▶ **Task to complete**:
Output nothing but the line containing "Blazer Casaco Feminino" and the lines after it through the end of the material below, each reproduced exactly.

============================================================

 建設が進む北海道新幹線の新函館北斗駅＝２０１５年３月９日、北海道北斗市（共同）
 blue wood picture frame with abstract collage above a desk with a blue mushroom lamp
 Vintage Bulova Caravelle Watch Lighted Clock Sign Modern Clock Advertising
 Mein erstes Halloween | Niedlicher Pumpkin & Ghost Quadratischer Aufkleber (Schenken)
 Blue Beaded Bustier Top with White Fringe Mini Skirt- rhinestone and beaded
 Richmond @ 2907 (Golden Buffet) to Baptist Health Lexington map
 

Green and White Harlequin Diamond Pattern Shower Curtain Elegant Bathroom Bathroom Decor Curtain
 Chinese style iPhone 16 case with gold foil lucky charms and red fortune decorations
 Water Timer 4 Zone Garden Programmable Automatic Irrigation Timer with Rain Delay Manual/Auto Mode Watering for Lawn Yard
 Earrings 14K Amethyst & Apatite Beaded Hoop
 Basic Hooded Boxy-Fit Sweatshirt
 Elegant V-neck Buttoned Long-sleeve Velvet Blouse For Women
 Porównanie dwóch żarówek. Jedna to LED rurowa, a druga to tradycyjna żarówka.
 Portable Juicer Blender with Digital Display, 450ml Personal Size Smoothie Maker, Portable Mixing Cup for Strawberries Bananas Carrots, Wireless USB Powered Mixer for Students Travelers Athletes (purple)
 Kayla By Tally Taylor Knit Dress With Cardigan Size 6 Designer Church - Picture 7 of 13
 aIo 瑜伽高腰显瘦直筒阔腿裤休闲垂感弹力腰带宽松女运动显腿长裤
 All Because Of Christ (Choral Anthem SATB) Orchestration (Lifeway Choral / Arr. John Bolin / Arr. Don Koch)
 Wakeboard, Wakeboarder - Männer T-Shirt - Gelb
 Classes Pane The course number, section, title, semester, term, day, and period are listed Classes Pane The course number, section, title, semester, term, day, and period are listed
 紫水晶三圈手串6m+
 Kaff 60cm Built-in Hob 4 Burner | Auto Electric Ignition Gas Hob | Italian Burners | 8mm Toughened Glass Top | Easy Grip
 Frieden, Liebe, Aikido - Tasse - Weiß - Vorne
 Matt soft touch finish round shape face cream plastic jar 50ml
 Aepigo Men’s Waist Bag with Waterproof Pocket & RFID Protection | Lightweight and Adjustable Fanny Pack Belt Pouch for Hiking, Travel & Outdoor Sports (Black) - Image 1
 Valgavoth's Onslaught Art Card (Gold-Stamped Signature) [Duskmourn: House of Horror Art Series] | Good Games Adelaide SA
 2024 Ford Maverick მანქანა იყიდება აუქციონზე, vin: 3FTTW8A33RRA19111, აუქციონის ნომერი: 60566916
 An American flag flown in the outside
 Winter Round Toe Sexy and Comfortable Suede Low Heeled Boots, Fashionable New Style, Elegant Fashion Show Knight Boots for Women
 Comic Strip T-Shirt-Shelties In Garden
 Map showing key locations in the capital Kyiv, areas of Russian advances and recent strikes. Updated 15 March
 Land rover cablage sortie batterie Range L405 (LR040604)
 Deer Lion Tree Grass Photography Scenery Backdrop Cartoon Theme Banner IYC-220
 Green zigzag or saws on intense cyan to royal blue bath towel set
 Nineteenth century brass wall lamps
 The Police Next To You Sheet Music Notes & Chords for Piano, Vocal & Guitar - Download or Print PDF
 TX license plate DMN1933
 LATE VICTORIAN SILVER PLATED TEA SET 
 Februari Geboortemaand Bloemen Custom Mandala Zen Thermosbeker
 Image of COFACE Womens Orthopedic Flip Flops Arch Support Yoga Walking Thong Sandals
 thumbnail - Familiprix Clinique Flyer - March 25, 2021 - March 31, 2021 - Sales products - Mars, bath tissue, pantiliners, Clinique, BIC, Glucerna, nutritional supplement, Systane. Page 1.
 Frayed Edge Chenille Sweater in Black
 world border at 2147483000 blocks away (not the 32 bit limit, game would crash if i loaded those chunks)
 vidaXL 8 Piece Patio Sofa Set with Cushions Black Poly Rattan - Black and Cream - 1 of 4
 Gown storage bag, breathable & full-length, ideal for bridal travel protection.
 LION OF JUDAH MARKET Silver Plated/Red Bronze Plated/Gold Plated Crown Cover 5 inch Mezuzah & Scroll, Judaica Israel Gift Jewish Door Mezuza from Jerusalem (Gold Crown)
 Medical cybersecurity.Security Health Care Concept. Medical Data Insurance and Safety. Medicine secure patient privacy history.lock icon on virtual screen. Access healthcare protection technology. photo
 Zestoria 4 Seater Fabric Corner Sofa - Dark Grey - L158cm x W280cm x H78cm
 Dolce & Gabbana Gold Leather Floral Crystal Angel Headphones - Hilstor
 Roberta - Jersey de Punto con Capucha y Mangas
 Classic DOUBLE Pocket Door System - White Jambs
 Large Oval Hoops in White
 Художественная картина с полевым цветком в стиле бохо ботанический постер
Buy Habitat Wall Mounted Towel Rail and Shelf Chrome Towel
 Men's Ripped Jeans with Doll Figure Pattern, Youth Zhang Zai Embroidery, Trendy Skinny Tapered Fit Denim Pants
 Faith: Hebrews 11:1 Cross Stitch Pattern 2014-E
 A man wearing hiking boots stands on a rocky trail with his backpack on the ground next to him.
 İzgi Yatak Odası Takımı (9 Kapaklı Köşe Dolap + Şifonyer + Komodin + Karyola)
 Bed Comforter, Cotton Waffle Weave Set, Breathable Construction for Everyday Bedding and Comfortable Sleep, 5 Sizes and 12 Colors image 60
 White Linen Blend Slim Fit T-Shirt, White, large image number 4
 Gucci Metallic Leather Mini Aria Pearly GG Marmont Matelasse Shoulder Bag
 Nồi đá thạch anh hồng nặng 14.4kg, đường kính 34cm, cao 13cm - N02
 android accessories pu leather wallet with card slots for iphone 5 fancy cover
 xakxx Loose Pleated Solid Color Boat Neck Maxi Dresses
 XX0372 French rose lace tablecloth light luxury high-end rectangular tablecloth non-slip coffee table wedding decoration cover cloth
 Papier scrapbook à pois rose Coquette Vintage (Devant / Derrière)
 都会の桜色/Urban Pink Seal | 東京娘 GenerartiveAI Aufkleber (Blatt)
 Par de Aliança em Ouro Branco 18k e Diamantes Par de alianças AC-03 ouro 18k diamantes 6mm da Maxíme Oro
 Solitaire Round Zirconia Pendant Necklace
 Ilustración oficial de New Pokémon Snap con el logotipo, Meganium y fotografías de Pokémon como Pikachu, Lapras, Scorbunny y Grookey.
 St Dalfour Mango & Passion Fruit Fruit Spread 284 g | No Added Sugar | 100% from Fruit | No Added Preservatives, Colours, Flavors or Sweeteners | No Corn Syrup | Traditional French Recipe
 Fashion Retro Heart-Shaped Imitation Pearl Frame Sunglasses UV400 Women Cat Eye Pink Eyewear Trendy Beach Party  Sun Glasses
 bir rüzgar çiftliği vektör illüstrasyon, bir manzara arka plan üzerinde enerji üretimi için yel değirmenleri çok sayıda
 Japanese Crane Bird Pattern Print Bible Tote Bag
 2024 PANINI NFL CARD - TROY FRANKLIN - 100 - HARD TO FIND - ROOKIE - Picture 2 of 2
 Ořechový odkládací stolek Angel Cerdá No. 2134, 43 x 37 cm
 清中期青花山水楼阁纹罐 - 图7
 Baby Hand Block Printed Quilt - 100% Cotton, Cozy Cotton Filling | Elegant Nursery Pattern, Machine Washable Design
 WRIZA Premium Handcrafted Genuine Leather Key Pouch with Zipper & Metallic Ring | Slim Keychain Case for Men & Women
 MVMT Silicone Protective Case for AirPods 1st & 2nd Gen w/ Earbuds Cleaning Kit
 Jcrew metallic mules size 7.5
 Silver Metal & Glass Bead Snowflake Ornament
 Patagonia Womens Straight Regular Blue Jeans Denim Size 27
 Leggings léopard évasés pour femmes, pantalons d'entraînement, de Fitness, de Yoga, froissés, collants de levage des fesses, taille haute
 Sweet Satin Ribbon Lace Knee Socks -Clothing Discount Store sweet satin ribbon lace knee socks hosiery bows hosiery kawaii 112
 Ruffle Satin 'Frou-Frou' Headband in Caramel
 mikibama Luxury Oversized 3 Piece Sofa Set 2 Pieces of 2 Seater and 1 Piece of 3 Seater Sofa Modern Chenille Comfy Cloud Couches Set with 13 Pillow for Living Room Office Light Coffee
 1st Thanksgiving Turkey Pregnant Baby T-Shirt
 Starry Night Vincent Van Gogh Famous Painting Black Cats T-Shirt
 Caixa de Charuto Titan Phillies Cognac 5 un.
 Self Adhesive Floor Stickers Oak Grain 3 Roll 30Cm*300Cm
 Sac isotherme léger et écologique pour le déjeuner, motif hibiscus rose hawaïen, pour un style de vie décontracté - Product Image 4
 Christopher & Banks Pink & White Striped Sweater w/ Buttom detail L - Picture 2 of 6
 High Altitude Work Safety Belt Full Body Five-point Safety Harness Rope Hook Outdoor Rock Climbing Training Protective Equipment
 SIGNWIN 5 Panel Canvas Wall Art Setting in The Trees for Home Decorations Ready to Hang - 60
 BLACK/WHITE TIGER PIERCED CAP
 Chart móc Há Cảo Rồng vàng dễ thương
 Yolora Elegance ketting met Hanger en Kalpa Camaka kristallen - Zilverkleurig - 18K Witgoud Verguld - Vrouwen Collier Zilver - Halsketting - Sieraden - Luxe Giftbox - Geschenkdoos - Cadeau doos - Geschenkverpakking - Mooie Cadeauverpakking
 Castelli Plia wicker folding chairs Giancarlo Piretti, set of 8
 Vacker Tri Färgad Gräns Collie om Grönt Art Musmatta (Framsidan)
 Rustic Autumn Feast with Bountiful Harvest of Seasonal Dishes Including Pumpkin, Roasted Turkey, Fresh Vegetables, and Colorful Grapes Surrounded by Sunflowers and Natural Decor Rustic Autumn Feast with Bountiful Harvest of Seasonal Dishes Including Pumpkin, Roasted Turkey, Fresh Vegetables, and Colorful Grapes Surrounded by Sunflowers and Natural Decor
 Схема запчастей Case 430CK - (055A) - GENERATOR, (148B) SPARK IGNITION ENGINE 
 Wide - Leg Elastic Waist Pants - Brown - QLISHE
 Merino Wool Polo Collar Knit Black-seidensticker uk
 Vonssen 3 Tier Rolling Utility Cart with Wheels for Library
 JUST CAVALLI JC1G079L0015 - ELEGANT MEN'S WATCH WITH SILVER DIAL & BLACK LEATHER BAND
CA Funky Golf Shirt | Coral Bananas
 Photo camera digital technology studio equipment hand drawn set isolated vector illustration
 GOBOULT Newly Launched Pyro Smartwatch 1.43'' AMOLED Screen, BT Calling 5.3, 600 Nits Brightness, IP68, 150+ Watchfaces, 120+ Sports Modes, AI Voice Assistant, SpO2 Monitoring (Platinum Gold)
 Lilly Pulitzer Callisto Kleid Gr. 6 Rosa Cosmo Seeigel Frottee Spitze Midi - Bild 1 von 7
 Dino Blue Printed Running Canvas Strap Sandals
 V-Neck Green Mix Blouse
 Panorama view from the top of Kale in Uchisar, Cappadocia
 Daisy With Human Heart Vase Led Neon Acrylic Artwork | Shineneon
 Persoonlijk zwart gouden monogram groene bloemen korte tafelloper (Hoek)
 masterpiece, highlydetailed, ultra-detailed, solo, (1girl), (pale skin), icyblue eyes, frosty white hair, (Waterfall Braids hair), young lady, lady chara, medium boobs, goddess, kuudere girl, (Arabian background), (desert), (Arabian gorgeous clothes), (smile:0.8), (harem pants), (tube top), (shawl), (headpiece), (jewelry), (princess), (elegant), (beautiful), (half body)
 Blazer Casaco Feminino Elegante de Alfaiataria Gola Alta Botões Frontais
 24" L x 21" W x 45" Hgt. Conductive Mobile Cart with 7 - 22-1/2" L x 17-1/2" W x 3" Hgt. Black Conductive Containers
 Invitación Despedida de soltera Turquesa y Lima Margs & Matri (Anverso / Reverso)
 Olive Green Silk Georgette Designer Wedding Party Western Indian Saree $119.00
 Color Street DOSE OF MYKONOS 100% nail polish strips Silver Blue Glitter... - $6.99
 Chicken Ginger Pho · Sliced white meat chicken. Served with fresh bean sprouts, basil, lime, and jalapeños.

============================================================

▶ **Response to the exercise**:
 Blazer Casaco Feminino Elegante de Alfaiataria Gola Alta Botões Frontais
 24" L x 21" W x 45" Hgt. Conductive Mobile Cart with 7 - 22-1/2" L x 17-1/2" W x 3" Hgt. Black Conductive Containers
 Invitación Despedida de soltera Turquesa y Lima Margs & Matri (Anverso / Reverso)
 Olive Green Silk Georgette Designer Wedding Party Western Indian Saree $119.00
 Color Street DOSE OF MYKONOS 100% nail polish strips Silver Blue Glitter... - $6.99
 Chicken Ginger Pho · Sliced white meat chicken. Served with fresh bean sprouts, basil, lime, and jalapeños.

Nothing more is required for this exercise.